A teacher can help students understand what capital is by encouraging them to think of capital as an individual’s “starter pack” for being productive and getting things done. Capital includes the tools, money, and other valuable resources a person needs to create something of value, or to solve a problem in order to create wealth.
For example, if you wanted to start a lemonade stand, the money you use to buy cups, lemons, water, and a sweetener is capital. While money is an important form of capital, capital can include other resources that help you create wealth for yourself by producing value for others.
Other Kinds of Capital:
Capital is anything you can use to “build” something that will provide experiences of value for other people. Money is the most obvious example of capital, but creativity, friendships, and even your honesty and intelligence, can be just as important, maybe even more important in some circumstances.
So, yes! Capital is cash and more: Capital includes any resource that helps you be more productive. Ask students: What kinds of capital do they have? Maybe it is their energy, ideas, or even their ability to make people laugh. Remind them that everyone—even people with little or no money—have important capital over which each person has much control: A person’s own reputation, honesty, and trustworthiness.
Evaluating incentives
One of the most important questions within any society is: Who will allocate capital? One possibility is that individuals choose whether, how, when, where, and why to spend their own money and invest their own capital. Another option is that political elites within government will tax citizens and confiscate the wealth that others have created, and then those in government will choose how to allocate other people’s their capital.
Individuals choosing how to invest their own capital have strikingly different incentives than politicians and bureaucrats in government spending other people’s money.

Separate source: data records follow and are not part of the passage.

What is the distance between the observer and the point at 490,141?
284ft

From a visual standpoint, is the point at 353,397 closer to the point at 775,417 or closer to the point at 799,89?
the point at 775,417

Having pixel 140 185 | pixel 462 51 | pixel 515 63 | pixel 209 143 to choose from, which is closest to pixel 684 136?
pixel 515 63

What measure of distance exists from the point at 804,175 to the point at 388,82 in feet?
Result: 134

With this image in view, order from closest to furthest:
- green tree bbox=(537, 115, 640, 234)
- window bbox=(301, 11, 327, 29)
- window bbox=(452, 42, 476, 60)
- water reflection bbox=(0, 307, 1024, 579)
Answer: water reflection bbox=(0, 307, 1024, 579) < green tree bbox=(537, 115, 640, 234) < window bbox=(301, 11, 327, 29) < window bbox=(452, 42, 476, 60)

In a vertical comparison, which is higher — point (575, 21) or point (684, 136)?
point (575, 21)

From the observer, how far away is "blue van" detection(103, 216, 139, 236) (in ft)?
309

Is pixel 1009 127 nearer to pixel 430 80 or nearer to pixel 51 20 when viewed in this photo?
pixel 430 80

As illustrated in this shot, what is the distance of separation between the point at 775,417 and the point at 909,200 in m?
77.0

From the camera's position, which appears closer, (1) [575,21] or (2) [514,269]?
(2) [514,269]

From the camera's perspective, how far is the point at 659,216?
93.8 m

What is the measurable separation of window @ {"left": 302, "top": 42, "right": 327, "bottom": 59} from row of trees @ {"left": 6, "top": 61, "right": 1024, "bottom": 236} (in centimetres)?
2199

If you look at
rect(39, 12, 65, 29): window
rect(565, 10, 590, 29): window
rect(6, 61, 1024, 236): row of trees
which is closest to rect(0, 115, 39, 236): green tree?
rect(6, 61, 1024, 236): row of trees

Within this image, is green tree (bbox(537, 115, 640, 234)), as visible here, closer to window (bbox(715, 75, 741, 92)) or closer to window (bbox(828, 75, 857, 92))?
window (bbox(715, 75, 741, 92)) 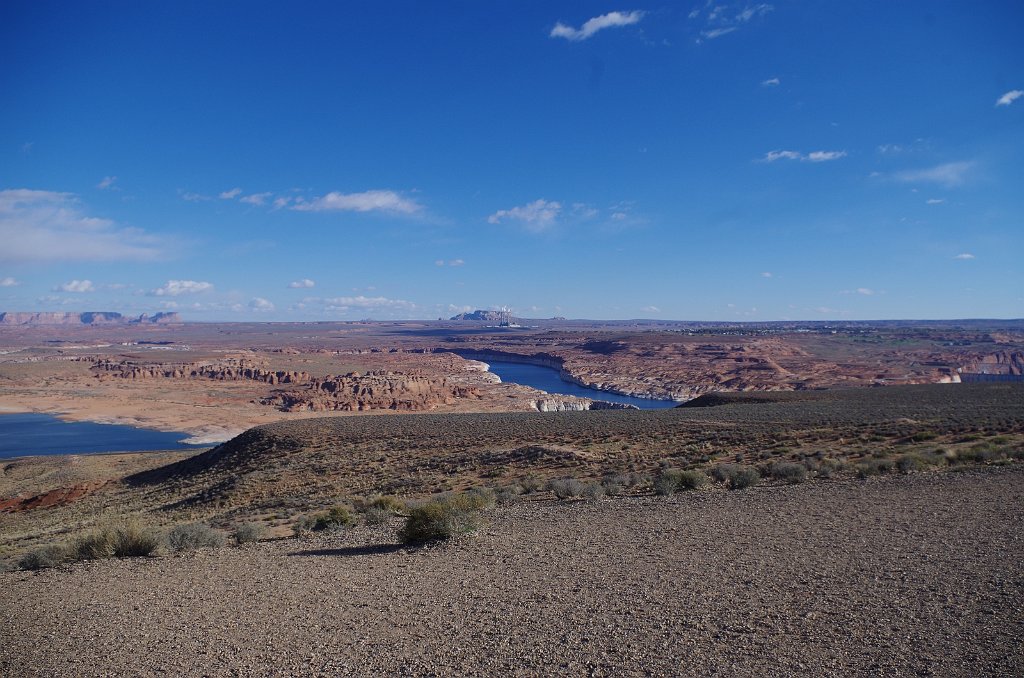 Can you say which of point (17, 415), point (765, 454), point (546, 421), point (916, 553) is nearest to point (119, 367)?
point (17, 415)

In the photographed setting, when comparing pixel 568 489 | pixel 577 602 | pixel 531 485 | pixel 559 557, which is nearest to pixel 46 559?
pixel 559 557

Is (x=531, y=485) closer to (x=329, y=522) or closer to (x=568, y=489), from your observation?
(x=568, y=489)

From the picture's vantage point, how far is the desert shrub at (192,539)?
10.8 meters

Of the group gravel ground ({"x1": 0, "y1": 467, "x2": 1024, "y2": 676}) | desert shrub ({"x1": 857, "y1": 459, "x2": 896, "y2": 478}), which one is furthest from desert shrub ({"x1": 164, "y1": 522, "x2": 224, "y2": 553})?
desert shrub ({"x1": 857, "y1": 459, "x2": 896, "y2": 478})

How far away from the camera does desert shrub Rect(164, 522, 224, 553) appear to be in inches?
424

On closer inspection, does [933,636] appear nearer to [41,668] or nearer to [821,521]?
[821,521]

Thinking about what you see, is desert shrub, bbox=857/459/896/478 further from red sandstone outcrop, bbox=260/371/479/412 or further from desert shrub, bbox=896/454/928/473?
red sandstone outcrop, bbox=260/371/479/412

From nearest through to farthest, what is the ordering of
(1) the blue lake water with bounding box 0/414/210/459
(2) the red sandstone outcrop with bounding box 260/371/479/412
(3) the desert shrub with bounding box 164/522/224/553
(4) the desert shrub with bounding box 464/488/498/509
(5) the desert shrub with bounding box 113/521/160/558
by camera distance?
(5) the desert shrub with bounding box 113/521/160/558
(3) the desert shrub with bounding box 164/522/224/553
(4) the desert shrub with bounding box 464/488/498/509
(1) the blue lake water with bounding box 0/414/210/459
(2) the red sandstone outcrop with bounding box 260/371/479/412

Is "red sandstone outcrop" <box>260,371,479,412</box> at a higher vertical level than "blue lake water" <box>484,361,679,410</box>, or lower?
higher

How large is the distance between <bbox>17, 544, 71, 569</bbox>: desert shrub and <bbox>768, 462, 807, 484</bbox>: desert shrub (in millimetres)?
14509

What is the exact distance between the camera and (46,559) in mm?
10055

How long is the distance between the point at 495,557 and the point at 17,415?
71905 mm

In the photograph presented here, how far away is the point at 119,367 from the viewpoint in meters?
89.9

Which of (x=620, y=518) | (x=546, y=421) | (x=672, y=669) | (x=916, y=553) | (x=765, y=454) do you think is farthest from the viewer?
(x=546, y=421) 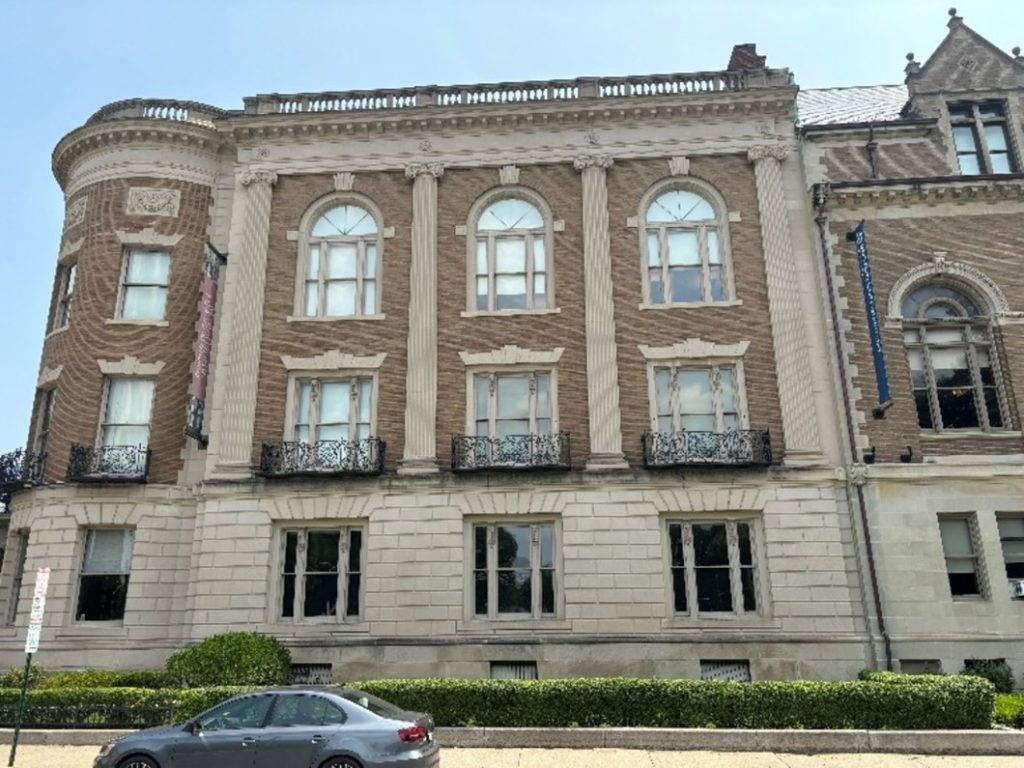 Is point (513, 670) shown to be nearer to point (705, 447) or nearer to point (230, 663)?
point (230, 663)

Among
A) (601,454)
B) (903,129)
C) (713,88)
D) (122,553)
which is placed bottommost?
(122,553)

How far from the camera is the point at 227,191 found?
23438 mm

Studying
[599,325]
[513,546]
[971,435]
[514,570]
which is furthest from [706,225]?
[514,570]

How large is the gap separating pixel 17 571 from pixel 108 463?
3917 millimetres

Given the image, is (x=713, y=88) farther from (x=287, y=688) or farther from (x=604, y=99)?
(x=287, y=688)

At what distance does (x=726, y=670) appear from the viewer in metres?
18.1

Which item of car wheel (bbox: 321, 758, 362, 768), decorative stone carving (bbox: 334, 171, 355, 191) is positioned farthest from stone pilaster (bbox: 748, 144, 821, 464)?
car wheel (bbox: 321, 758, 362, 768)

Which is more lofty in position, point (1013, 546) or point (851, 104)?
point (851, 104)

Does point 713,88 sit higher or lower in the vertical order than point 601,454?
higher

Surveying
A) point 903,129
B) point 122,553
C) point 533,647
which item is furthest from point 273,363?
point 903,129

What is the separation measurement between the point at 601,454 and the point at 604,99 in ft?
34.3

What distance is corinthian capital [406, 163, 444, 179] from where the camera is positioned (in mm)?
22594

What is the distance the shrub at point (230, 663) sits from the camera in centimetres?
1686

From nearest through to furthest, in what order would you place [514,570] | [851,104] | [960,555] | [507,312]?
1. [960,555]
2. [514,570]
3. [507,312]
4. [851,104] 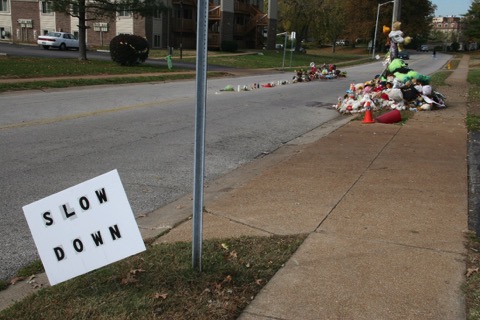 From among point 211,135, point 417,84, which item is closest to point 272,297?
point 211,135

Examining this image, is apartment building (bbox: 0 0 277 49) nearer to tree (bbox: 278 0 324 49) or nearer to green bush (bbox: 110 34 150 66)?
tree (bbox: 278 0 324 49)

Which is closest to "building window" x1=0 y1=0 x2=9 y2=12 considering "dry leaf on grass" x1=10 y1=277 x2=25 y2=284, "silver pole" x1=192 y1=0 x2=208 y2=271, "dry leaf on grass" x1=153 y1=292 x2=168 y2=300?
"dry leaf on grass" x1=10 y1=277 x2=25 y2=284

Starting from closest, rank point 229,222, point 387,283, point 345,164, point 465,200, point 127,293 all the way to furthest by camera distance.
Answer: point 127,293 → point 387,283 → point 229,222 → point 465,200 → point 345,164

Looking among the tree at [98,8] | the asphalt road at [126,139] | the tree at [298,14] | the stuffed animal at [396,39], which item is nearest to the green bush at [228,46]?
the tree at [298,14]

As we discuss in another section, profit is the happiness of other people. When individuals and business owners make their own choices about how to allocate and when to invest their own capital, they aim to earn a profit—they want a return on their investment—which is another way of saying they’re trying to make other people happy by producing value for them.
When those in government choose how to spend other people’s money, they serve their own interests, usually by expanding the scope and power of government. That is worth repeating: Business owners allocate their own capital in order to make a profit for themselves by making other people happy; government allocates other people’s capital in order to extend the power and control of government.
Every new government spending program, after all, requires expanding the class of unelected bureaucrats, adding new levels of control over what citizens may do, and adding new kinds of taxpayer-funded government competition to businesses and other private organizations.
Incentives of Allocation
For politicians and bureaucrats, resource allocation often means achieving political ends or aiming for short-term gains. Without direct knowledge of costs or profits, these decisions can be quite unpredictable.
When private individuals choose how to invest or spend their own money, they have strong incentives to make careful, strategic decisions. If they invest wisely, they personally reap the rewards; if they invest foolishly, they suffer the losses. This direct link between decisions and consequences encourages efficiency and accountability. Individuals are motivated to seek the highest return (or best use) for their funds, and they also bear the risk of losing their capital if a project fails.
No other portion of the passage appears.